Extraction should never be attempted until a good control of entry and exit points is assured. In most cases of these cases the area of greater adherence of the harpoon is the skull convexity. For this reason, when the exit point is located in this area, a craniotomy surrounding the hole may help remove the harpoon and the attached bone flap. By contrast, if the entry hole is embedded in the convexity, we propose that this segment of the harpoon should be released from bone before being removed. The use of intraoperative and postoperative antibiotics and a thorough antisepsis of the surgical area as well as the object to extract are strongly recommended. The size of the craniotomy depends on the need to evacuate hematoma during surgery7. In our case we decided to make a small craniotomy although the surgical field was ready for expansion if necessary. There are no studies that have compared the use of synthetic or autologous dural or bone substitutes in such patients. In our patient a synthetic substitute was used to fill the dural hole and the original patient's bone was replaced after drilling the area in contact with the harpoon and sterilizing the whole flap with antiseptic solution.
If the missile trajectory suggests the possibility of a vascular injury an angiography must be performed, either before surgical treatment or soon after it, according to the experience gained with penetrating stab wounds to the head4,5,13,17,21. The trajectory of the projectile in our patient did not suggest vascular damage, therefore an arteriography was not considered necessary. The prophylactic use of antiepileptic drugs is recommended in these patients even in the absence of early crisis due to the high probability of developing epilepsy later1,22. Our patient was treated with phenytoin every 8 hours for 6 months after surgery. No seizures were referred by the patient after discharge.

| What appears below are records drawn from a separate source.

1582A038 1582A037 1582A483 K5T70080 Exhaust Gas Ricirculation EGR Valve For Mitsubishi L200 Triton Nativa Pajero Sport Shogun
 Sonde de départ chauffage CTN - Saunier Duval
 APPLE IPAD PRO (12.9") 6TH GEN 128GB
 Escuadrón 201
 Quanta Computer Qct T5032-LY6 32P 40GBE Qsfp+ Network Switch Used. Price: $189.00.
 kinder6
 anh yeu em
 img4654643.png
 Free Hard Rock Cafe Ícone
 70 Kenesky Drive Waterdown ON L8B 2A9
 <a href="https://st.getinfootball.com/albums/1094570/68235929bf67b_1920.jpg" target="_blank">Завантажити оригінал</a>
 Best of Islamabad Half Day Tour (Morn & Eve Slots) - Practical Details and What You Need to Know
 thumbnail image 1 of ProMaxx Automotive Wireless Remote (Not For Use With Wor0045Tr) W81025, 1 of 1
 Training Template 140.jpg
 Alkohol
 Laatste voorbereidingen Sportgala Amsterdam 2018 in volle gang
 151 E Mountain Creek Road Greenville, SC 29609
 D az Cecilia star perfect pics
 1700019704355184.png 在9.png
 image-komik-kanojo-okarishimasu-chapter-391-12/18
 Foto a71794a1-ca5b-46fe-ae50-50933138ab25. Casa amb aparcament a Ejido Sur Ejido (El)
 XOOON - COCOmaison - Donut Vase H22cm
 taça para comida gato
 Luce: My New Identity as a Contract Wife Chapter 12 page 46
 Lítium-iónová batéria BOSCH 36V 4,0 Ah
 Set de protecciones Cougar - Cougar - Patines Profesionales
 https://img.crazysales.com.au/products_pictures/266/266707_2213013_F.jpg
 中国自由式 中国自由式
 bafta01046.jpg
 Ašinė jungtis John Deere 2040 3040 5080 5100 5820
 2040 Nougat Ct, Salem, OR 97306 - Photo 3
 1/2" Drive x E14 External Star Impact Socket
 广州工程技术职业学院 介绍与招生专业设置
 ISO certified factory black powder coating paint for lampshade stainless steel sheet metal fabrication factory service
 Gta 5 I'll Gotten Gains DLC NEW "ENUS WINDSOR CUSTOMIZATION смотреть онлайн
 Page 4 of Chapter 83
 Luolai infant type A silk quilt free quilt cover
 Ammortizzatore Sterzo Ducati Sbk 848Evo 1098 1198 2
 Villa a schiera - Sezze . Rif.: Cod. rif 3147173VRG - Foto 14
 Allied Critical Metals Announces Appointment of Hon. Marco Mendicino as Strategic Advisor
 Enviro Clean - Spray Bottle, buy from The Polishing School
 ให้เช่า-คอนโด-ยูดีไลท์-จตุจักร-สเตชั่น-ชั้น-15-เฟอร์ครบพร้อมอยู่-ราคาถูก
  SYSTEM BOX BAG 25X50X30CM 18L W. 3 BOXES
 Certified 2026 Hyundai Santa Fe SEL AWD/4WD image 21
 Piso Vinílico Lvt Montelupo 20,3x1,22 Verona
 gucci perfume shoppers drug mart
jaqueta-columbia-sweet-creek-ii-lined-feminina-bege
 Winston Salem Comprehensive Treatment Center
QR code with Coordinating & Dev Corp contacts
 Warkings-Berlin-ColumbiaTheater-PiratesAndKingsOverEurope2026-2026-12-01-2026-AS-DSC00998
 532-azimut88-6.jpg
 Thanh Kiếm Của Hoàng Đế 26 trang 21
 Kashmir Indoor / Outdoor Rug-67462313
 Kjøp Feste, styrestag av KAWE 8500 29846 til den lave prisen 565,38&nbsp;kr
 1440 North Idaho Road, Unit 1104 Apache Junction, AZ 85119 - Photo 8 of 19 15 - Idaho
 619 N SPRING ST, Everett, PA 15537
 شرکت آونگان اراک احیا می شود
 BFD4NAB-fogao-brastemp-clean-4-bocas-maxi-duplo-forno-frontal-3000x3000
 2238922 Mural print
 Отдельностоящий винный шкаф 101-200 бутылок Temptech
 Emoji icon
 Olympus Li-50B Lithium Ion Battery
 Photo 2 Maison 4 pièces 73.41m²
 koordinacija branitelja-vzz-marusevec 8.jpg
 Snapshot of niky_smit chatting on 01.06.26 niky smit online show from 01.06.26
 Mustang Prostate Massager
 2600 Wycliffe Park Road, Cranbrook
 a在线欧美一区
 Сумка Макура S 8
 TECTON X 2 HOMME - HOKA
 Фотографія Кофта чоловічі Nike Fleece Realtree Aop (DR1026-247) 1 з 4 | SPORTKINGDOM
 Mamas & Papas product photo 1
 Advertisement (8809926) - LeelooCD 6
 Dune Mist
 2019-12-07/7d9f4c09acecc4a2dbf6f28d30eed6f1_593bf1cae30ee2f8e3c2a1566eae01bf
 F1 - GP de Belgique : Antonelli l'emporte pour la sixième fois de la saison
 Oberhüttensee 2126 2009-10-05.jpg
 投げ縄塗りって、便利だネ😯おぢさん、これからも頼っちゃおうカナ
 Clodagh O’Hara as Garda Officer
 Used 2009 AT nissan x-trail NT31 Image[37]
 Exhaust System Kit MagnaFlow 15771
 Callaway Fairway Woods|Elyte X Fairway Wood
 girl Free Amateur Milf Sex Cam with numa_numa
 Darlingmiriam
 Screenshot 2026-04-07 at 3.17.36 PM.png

We present the first reported case of a traumatic brain injury caused by a speargun in a suicide attempt. This case illustrates the difficulties in making decisions in the surgical management of perforating brain injuries caused by unusual objects. The special features of this kind of trauma and the absence of cases reported make necessary to propose some specific rules about surgical removal and medical treatment. The use of antibiotics and antiepileptic drugs and the anterograde extraction of the harpoon aided by the performance of a craniotomy surrounding the exit point are some of the most important advices proposed in these cases.